Coaching is at its purest form when players have development ahead of them, rather than just tweaks, and the Dodgers seem to be far and away the best at taking their talent pool and making the most of it. The Brewers are actually replicating their drafting model currently, of using the most projectable stat (plate discipline , walk rate, strikeout rate) and adding power to it from there. Seager, Bellinger, Gavin Lux and many more were all hit first players who developed power.

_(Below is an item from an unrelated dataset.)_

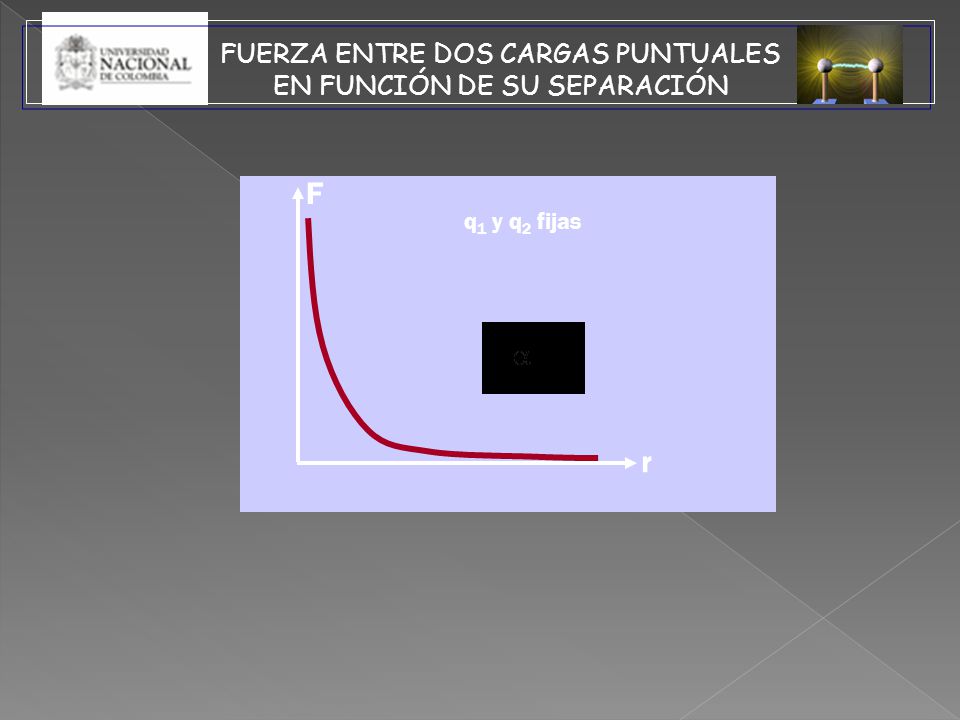FUERZA ENTRE DOS CARGAS PUNTUALES EN FUNCIÓN DE SU SEPARACIÓN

However, the coaching part is designed to be as major league-like as possible, with most coaches being encouraged to adopt a laidback attitude to transferring advice rather than overloading prospects with information. Walker Buehler commented “How laid back and egoless most of our coaches are, it really helps. I always talk about summer ball coaches or high school coaches or college coaches trying to put their stamp on you. I don’t think many guys do that here, and I think it leads to a really collaborative effort.” This, along with their model of really encouraging the Rookies to be open, outspoken and themselves (which not all clubs do), translates to prospects making the transition from upper minors to the major leagues much smoother than most. They also put a lot more onus on the player with this approach to seek ways that take them from good players to great players, difference makers at the major league level, and this approach, from my personal sporting experiences, enhances the self confidence in your ability to adapt and become better, and also creates a drive to further learn and develop. The act of challenging oneself is far more satisfying than a response to the challenges of others
The coaching ticket translates to an appeal at the major league level too. Noah Syndegaard actively took a lower deal than he could have to go to LA and develop as a pitcher, and they have a high track record of pitchers outperforming their recent seasons (Andrew Heaney and Anderson last year are good examples). Part of this is the quality of the defense the Dodgers put out which helps most pitchers do better than their FIP and expected stats suggest, but also their developmental abilities with pitchers. The pure number of quality pitchers and hitters at the upper levels of their farm is crazy,
Andrew Heaney - 31. ERA, 3.39 xERA, 3.75 FIP
Tyler Anderson - 2.57 ERA, 3.1 xERA, 4.1 xFIP
In their farm at the moment they have:
1. Diego Cartaya - International prospect with a big bonus so less under the radar
2. Bobby Miller - Nearly all his pitches ar at least + (70 fB, 60 CH, 60 Sl, 55 Curve) and taken 29th in the 1st round of the draft
3. Miguel Vargas - Picked up for 300,000 internationally, so not a first round, or even second round equivalent pick, won a batting title in 2021, and took no steps back at AAA in 2022
7. Gavin Stone - A 1.48 ERA across the minors, including a 1.16 ERA in AAA, taken in the 5th round. What on earth
6. Ryan Pepiot - 3rd Round (Pick 102) had a 3.47 ERA in 36 innings last year, and although occasionally struggled with walks, he had a 200 BAA
It's not just the single talents they're producing, in fact it's the quantity as well as the quality, seeming to maximize the vast majority of the talent in their system, in a way others can only dream of.
Regarding the Brewers system, Stearns was famous for not being overly amused with a large scouting department but I think they're invaluable to the organization, and that can be seen from the Brewer networks in the international draft where they have signed very well in recent history - unlike the Dodgers, actually.
I also think that improving upon the dietary advice and food provided to prospects as well as lodgings, could go some way to fostering better development, as well as prevention of injuries. Sleep and nutrition are so vital for our body to retain information and develop at all parts of our life, and in the minors this isn't seen as a priority for most teams.
Finally, fostering that similarity in approach and coaching from majors to the minors can really help to ease the transition, and maybe reduce the talent that is considered AAAA. A player who is confident and feels at home upon reach the bigs will likely outperform those who don't. These players aren't robots, and in one of the biggest moments of their careers, that comfort factor makes all the difference. The slightest bit of tension can throw off someones swing or throwing arm, and in a game of small margins, it can be the difference.